Welcome to Readers Write to Know! I asked you, my readers, what questions they would ask their favorite authors if given the chance, and the authors visiting my blog answered them! This week, I’m bringing you Heather Greer. I met Heather at the Blue Ridge Mountains Christian Writers Conference and LOVED every conversation I had with her. She and I connected, and reading her interview I now know we connected on a fundamental, geeky level as fellow Doctor Who and Sherlock fans. (heh) But more, I love her heart for Jesus and her family, and I am thrilled that she is here with us today. Read on to see how you can enter to win her latest release!

Tell us a little bit about yourself. I am a writer who is passionate about helping believers grow in their faith walks. I’m a pastor’s wife (which I honestly never thought I’d be after growing up as a preacher’s kid) and mother to four wonderful children. Two of my children are married, and the other two are still at home. I have the most amazing five year old grandson who I try to keep supplied with all the best chidren’s books. I love to read, bake, and binge watch my favorite television shows. I tend to geek out about things like Doctor Who, Sherlock, and the Lord of the Rings. And I can’t forget my all-time favorite movie, The Princess Bride.

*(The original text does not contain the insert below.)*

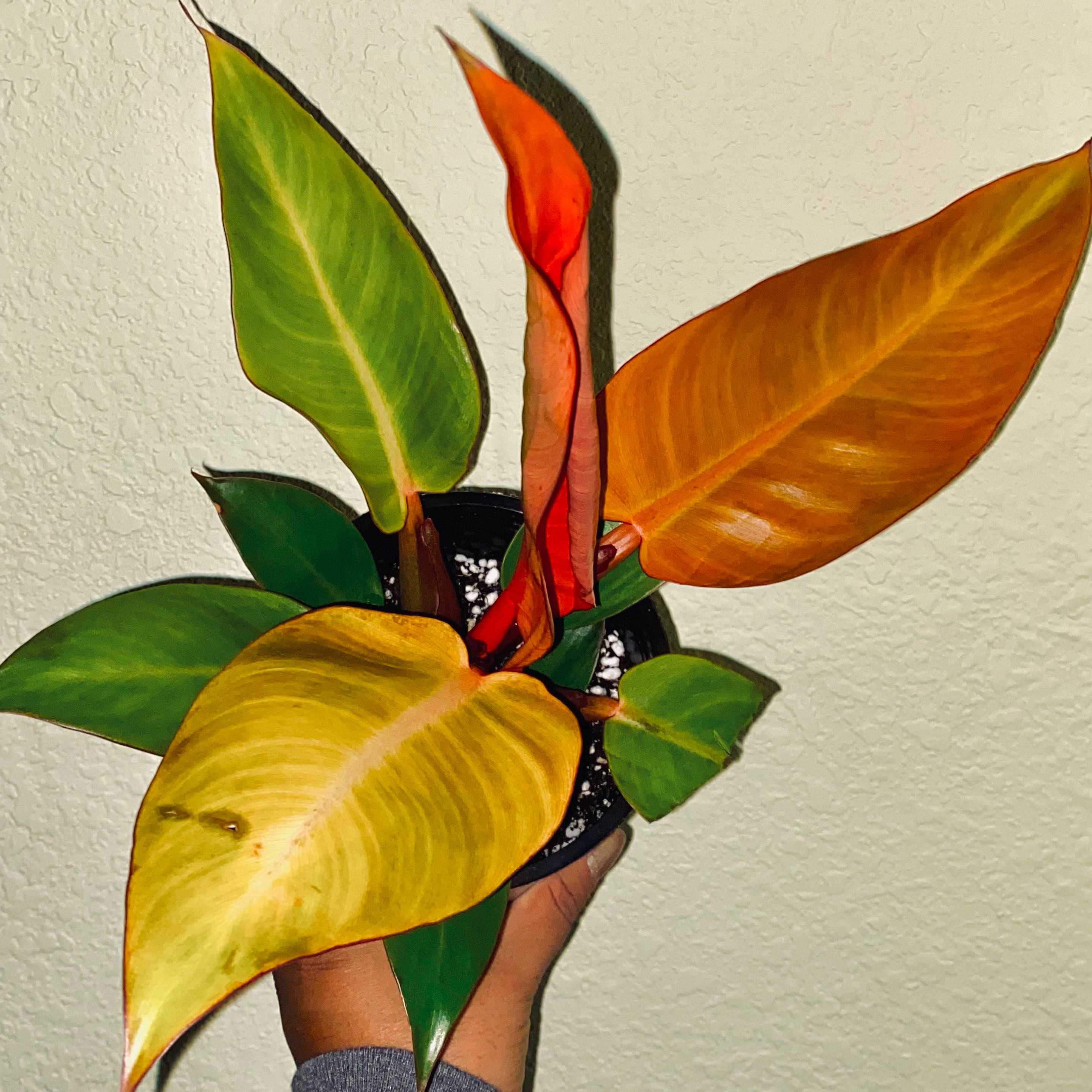Philodendron Red Sun plant with green, yellow, and red leaves, held by a hand.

Tell us about your current release. Grasping Hope is the sequel to my first book, Faith’s Journey. Katie McGowan is planning her wedding to Austin, but that doesn’t mean everything is going smoothly. Katie is struggling with emotional baggage from her first engagement that ended after her fiance was unfaithful. Grasping Hope takes us through Katie’s struggles to learn what hope is and where it comes from. Even after she thinks she has it all figured out, Katie learns circumstances can change in an instant testing the lessons we thought we’d learned.

If you knew ahead of time your book would benefit only one person on their spiritual journey, would you still write it? Definitely. I like to remember that while “God so loved the world”, He would have gone through everything He went through even if I was the only one who would accept His gift. If God is that way, I think we should be too.

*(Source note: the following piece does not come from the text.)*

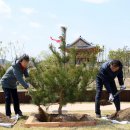 대한세탁나라 이미지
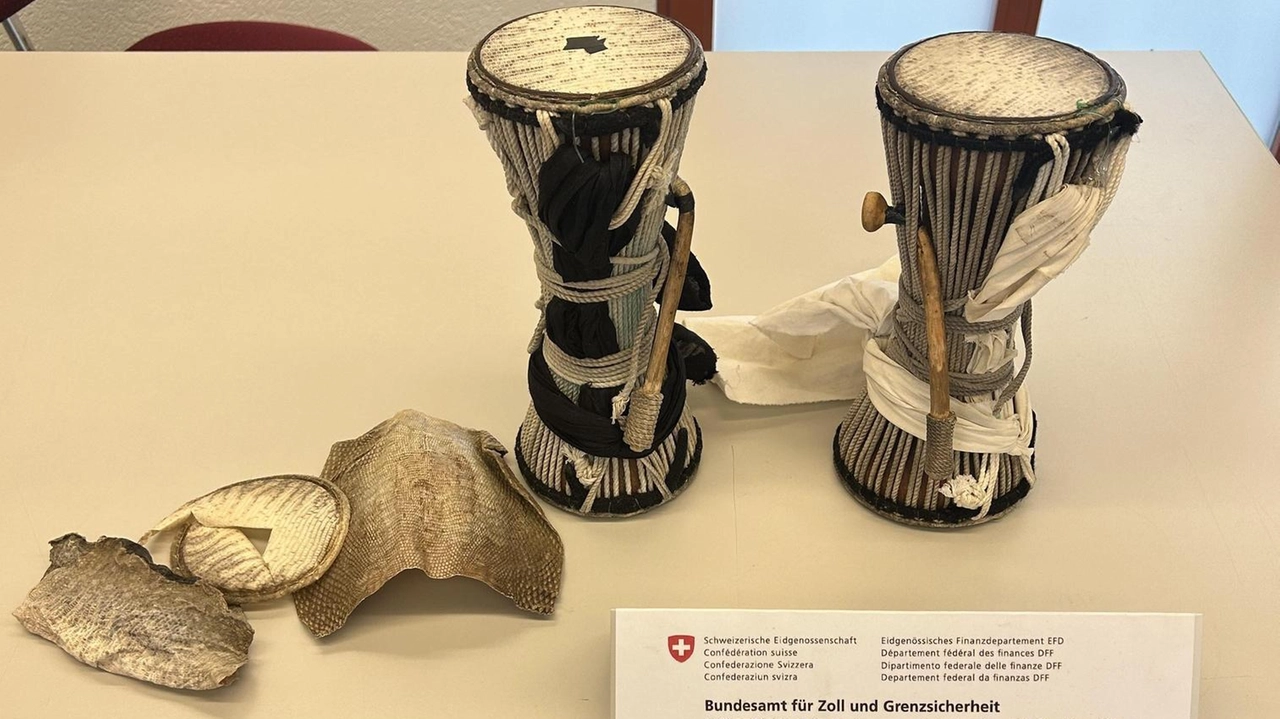 Un cittadino senegalese è stato denunciato a Chiasso per aver tentato di introdurre pelli di rettile protette in Svizzera senza autorizzazione, dichiarando di essere un musicista. I tamburi sequestrati erano rivestiti con pelle di varano, specie in via di estinzione. Un cittadino senegalese è stato denunciato a Chiasso per aver tentato di introdurre pelli di rettile protette in Svizzera senza autorizzazione, dichiarando di essere un musicista. I tamburi sequestrati erano rivestiti con pelle di varano, specie in via di estinzione.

What’s the first major news headline that you can remember and what do you remember? I think it would have to be the Challenger explosion. I was ten, and with a teacher aboard, it was a big deal in school. It was the first time I felt like the news was connected to me in some way.

Who was your first Screen/Musical Crush? I actually remember two different t.v. crushes from about the same time. It’s embarassing, but I wasn only around six years old. The first was Greg Evigan from B.J. and the Bear. My two older brothers liked watching the show, and I decided I didn’t mind watching it with them. The second I shouldn’t have known about at six years old! My great-granny would babysit me, and she always had to watch her story at lunch. Her story just happened to be The Young and the Restless. Michael Damian played an older teen or young adult named Danny Romalotti, and I remember thinking he was really cute.

Who were some of your favorite authors as a child? The first books I loved were the Berestain Bears books. I loved library day at school, because I could always get a new one. As I got a little older I remember loving Janette Oke’s Animal Friends story series. In middle school and junior high, I loved the Cedar River Daydreams series by Judy Baer and the Christy Miller series by Robin Jones Gunn. In high school, anything by Lori Wick or Linda Chaikin became favorites. Now, I blog reviews regularly. So, I find new authors to love all the time. My husband isn’t thrilled about that, but I tell him buying new books is now part of my job! However, my favorite writer is Kristen Heitzmann.

I’m always intrigued by how writers get started…did you always have these books inside you and knew that you wanted to write them or did the idea just pop into your head one day and you decided to put pen to paper? I’ve wanted to write since I was a child. But I had a love-hate relationship with creative writing assignments in school. I loved to get them. But I had teachers who were less than encouraging at times. I didn’t write what they wanted, and they didn’t hesitate to mark down my grade because of it. I never won the contests our work was submitted to. These don’t sound like much, but to a girl who struggled with self-confidence, they were pretty big blows. But I couldn’t shake the stories in my head. The books I’d read meant so much to me that I wanted to give the same experience to others. So, I couldn’t give up. My ideas come from a variety of places. I’ve written about things I love, things my children’s interests have inspired, lessons that I’ve learned, and situations that sparked an idea. Sometimes a person, place, or Bible verse starts the story for me. It changes with each story I write.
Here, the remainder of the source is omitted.